My wife and I currently own 3x IPs that are all owned 50/50 in our own names. With hindsight, I feel we should have set up a trust to allow for flexibility as they are all pos geared and for future CGT minimising. Too late for this now and regret not setting these up better earlier. My wife is currently off work looking after our son and likely to return to some part time work next year. I am currently earning around 250k per year. Looking for some feedback from the brains trust, if you would set up a trust for future purchases of PPOR (750- 900k) and shares (estimated3-5k per month). Unsure at what point a trust becomes worthwhile the management cost. Understand I will need to discuss finer details with our accountant. Cheers!
Not so much for CGT for PPOR. We have had 2x ppor that have turned into IPs, so can be beneficial if this was to happen again. But is there any downside with it being in a trust?
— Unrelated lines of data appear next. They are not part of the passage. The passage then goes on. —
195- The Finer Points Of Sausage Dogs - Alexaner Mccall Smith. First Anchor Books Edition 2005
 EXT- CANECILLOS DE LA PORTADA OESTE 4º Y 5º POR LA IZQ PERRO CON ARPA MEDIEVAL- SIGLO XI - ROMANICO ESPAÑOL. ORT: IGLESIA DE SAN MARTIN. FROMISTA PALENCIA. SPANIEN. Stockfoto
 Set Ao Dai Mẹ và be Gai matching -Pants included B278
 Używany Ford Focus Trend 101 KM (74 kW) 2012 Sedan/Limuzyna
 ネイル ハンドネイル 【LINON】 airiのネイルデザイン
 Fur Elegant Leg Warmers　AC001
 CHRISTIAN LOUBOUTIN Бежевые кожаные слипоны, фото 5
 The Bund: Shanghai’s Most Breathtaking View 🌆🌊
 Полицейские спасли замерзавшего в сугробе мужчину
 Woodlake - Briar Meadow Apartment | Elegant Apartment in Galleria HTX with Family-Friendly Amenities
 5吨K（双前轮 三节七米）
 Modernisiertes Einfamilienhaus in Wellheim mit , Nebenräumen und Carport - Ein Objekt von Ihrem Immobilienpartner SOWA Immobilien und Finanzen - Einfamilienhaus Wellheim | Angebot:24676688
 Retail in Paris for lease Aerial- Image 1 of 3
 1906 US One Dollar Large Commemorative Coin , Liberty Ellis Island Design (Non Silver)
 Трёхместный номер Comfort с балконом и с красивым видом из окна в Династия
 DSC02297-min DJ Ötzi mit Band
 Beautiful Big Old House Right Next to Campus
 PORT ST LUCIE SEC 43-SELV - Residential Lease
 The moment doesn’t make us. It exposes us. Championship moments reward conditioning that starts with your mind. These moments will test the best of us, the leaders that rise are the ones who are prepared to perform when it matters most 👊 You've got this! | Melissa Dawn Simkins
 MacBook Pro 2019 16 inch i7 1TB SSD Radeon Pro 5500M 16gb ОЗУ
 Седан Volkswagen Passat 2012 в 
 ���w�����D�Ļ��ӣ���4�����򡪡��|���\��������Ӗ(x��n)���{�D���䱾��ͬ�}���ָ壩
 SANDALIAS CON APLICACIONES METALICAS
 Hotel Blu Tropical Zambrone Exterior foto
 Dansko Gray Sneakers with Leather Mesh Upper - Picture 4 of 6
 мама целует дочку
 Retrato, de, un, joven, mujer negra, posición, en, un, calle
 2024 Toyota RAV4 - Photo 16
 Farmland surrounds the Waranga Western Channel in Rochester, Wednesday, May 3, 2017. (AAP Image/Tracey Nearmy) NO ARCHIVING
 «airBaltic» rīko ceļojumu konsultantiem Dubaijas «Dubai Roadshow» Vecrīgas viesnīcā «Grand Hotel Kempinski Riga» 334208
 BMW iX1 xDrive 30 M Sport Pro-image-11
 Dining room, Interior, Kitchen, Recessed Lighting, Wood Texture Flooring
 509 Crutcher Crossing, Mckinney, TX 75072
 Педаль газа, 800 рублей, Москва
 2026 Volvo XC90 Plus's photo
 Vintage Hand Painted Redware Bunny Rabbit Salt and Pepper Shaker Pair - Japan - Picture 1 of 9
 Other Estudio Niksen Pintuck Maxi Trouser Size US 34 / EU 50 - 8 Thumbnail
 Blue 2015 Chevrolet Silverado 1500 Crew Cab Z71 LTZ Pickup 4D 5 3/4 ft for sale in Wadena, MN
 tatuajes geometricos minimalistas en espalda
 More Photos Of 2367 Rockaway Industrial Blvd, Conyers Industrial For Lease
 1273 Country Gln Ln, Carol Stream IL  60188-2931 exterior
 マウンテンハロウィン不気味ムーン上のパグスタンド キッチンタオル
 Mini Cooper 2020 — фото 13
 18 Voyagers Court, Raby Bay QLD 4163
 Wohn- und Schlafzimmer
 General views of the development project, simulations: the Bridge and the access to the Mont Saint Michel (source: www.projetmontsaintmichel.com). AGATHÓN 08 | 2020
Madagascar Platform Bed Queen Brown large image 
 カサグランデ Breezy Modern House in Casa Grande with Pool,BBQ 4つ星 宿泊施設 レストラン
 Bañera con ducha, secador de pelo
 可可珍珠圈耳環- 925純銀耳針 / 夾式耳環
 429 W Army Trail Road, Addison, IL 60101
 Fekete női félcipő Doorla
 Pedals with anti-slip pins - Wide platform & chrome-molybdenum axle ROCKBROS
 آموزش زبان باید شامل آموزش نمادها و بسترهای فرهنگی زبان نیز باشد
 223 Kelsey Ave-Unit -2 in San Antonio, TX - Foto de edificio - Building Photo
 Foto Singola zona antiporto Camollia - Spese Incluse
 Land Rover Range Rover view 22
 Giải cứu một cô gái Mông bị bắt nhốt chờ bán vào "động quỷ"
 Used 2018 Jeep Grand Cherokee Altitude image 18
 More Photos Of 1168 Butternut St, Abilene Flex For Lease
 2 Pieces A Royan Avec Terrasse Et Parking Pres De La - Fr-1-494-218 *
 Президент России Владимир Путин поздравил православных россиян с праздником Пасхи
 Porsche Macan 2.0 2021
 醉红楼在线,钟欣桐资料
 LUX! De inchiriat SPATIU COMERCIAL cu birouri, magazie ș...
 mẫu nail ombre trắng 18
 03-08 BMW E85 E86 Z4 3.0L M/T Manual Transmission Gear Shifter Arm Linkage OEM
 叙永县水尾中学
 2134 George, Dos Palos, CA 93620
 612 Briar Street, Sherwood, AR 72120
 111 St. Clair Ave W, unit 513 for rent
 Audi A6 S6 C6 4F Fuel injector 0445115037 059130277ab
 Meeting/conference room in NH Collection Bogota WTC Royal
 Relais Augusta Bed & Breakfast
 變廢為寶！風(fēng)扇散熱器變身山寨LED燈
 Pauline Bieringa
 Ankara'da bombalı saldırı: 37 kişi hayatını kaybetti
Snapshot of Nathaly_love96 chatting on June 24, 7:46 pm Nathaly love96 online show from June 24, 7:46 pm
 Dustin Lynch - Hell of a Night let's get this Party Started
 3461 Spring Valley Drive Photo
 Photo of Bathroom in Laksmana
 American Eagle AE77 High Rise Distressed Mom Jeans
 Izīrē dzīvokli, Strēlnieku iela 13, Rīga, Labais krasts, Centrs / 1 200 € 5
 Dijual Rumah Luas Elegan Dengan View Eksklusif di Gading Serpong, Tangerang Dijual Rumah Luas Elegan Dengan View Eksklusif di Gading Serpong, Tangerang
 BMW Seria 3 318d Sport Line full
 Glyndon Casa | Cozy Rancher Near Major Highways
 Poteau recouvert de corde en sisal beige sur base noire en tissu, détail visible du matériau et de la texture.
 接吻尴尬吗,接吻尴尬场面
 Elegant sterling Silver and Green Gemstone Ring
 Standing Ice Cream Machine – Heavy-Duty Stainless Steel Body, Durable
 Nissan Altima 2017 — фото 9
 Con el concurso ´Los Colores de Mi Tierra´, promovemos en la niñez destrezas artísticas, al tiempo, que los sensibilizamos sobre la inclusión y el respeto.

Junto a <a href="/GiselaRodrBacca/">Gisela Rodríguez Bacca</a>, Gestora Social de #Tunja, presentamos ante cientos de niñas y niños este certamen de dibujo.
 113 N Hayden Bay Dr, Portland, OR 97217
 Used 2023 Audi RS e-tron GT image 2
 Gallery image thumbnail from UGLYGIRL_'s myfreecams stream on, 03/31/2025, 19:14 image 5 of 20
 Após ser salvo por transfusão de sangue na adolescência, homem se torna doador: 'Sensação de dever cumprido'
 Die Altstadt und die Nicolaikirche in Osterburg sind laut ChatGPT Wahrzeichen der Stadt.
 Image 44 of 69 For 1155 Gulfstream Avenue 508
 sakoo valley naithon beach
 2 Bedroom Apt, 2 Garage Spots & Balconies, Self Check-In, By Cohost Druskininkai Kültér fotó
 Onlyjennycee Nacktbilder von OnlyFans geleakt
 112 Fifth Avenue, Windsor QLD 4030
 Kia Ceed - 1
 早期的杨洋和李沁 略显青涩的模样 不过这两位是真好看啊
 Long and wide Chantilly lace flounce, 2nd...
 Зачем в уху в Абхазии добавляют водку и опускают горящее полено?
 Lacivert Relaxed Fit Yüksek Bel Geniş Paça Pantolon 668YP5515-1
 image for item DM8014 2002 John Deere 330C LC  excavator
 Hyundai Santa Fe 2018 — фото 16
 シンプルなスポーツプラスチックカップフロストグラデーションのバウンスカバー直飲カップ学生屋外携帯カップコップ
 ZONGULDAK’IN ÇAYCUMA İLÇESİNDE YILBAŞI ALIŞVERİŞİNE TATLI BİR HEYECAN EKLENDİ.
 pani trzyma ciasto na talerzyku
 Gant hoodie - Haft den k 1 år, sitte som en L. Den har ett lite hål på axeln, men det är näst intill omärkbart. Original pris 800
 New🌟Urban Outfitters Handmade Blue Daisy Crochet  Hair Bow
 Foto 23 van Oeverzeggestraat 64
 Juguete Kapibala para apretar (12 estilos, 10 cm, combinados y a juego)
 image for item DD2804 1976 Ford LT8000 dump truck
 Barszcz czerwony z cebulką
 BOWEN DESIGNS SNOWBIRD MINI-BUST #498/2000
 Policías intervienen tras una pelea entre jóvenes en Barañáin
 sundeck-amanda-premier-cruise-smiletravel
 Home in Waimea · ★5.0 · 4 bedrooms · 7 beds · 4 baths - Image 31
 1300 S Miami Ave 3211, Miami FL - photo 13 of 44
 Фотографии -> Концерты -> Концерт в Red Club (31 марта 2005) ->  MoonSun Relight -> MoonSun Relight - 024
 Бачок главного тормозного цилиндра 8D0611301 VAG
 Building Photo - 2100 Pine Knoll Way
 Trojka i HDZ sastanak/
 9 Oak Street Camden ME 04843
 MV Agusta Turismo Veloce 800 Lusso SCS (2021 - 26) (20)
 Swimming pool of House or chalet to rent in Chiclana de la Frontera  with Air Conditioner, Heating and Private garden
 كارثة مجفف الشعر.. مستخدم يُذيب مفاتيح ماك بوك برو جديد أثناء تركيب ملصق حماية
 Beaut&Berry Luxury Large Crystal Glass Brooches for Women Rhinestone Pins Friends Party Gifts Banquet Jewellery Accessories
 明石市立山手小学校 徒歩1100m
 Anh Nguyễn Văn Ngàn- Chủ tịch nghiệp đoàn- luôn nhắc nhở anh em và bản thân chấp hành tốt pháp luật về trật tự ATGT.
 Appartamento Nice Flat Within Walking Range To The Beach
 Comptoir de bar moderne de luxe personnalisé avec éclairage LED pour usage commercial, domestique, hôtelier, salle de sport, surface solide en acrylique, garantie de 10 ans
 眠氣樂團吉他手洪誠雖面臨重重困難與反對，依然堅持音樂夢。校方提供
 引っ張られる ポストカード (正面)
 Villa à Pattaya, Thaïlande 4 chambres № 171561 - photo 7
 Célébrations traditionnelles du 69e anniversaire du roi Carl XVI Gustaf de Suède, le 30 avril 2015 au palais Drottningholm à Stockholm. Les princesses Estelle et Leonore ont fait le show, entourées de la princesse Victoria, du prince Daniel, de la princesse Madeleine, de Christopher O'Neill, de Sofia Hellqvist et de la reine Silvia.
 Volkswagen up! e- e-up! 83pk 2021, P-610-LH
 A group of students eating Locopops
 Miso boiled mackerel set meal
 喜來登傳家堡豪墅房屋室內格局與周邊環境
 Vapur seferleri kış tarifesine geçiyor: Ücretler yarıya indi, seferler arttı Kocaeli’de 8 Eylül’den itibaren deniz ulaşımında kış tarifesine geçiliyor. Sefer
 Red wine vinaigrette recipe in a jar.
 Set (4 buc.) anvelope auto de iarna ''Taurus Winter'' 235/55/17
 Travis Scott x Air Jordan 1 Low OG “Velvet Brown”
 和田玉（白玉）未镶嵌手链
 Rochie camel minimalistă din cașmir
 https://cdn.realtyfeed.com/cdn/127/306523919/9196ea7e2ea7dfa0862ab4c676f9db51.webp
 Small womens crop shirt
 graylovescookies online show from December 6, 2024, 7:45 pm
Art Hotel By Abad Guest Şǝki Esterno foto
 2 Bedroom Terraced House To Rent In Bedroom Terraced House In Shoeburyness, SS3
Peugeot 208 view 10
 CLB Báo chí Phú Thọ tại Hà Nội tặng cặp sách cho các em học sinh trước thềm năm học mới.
Plenty - no main residence CGT exemption - no land tax exemption in most states - could be a breach of trust - cannot pass asset via will - little asset protection potentially - issues accessing equity - complexity - frequent changes in laws needs legal advice and amendments - foreign family members excluded - loss of control - cannot get into a testamentary trust so income can go to minor children - harder to finance. etc
Annual accounting and tax costs Estate planning Land tax issues in some states (eg NSW $12K a year extra cost ?) Family trust election issues (irrevokable choices) Then there is a unit trust. Complexity multiplies.